→ TASK INSTRUCTIONS
Up to and including the line with "Veste bleue à", repeat every line of the listing exactly, beginning at the first.

○ ○ ○ ○ ○ ○ ○

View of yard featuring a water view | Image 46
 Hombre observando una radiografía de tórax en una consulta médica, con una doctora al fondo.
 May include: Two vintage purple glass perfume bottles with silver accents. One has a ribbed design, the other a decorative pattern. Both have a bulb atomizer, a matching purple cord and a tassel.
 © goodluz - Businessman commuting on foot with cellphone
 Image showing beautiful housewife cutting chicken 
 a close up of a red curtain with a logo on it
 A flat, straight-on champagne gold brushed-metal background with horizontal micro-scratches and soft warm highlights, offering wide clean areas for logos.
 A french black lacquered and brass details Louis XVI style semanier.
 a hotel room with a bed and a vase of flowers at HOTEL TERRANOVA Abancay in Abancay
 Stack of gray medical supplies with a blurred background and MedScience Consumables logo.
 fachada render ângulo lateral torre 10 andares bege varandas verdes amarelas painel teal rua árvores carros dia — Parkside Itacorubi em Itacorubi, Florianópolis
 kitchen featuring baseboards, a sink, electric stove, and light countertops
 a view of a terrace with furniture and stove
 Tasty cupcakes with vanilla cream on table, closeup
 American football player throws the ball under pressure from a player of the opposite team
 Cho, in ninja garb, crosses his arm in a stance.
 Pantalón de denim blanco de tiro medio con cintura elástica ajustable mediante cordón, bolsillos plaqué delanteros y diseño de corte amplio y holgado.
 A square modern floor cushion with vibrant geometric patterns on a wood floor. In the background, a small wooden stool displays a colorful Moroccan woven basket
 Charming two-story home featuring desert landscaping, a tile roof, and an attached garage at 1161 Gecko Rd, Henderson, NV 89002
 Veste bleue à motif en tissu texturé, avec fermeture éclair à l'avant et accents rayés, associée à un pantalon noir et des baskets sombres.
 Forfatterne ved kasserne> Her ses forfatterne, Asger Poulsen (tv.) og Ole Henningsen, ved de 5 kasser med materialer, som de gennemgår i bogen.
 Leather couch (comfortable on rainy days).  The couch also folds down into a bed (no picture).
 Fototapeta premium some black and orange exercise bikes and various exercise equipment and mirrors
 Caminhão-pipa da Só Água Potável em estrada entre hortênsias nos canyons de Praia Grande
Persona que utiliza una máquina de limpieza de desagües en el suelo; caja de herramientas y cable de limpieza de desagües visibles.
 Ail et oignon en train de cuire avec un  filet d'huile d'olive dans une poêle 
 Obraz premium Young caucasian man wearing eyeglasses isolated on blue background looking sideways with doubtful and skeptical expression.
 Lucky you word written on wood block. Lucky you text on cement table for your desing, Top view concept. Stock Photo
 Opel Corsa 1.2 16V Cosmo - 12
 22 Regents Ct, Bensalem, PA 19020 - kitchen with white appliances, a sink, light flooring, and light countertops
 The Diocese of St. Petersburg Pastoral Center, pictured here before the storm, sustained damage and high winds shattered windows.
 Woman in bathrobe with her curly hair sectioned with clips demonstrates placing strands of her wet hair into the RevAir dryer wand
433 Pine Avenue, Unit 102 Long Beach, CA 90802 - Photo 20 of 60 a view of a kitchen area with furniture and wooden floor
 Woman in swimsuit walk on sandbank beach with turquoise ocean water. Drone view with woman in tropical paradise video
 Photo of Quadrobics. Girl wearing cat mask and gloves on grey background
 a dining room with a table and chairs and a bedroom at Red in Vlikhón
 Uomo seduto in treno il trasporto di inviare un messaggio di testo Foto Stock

○ ○ ○ ○ ○ ○ ○

→ RESULT FOR THIS TASK
View of yard featuring a water view | Image 46
 Hombre observando una radiografía de tórax en una consulta médica, con una doctora al fondo.
 May include: Two vintage purple glass perfume bottles with silver accents. One has a ribbed design, the other a decorative pattern. Both have a bulb atomizer, a matching purple cord and a tassel.
 © goodluz - Businessman commuting on foot with cellphone
 Image showing beautiful housewife cutting chicken 
 a close up of a red curtain with a logo on it
 A flat, straight-on champagne gold brushed-metal background with horizontal micro-scratches and soft warm highlights, offering wide clean areas for logos.
 A french black lacquered and brass details Louis XVI style semanier.
 a hotel room with a bed and a vase of flowers at HOTEL TERRANOVA Abancay in Abancay
 Stack of gray medical supplies with a blurred background and MedScience Consumables logo.
 fachada render ângulo lateral torre 10 andares bege varandas verdes amarelas painel teal rua árvores carros dia — Parkside Itacorubi em Itacorubi, Florianópolis
 kitchen featuring baseboards, a sink, electric stove, and light countertops
 a view of a terrace with furniture and stove
 Tasty cupcakes with vanilla cream on table, closeup
 American football player throws the ball under pressure from a player of the opposite team
 Cho, in ninja garb, crosses his arm in a stance.
 Pantalón de denim blanco de tiro medio con cintura elástica ajustable mediante cordón, bolsillos plaqué delanteros y diseño de corte amplio y holgado.
 A square modern floor cushion with vibrant geometric patterns on a wood floor. In the background, a small wooden stool displays a colorful Moroccan woven basket
 Charming two-story home featuring desert landscaping, a tile roof, and an attached garage at 1161 Gecko Rd, Henderson, NV 89002
 Veste bleue à motif en tissu texturé, avec fermeture éclair à l'avant et accents rayés, associée à un pantalon noir et des baskets sombres.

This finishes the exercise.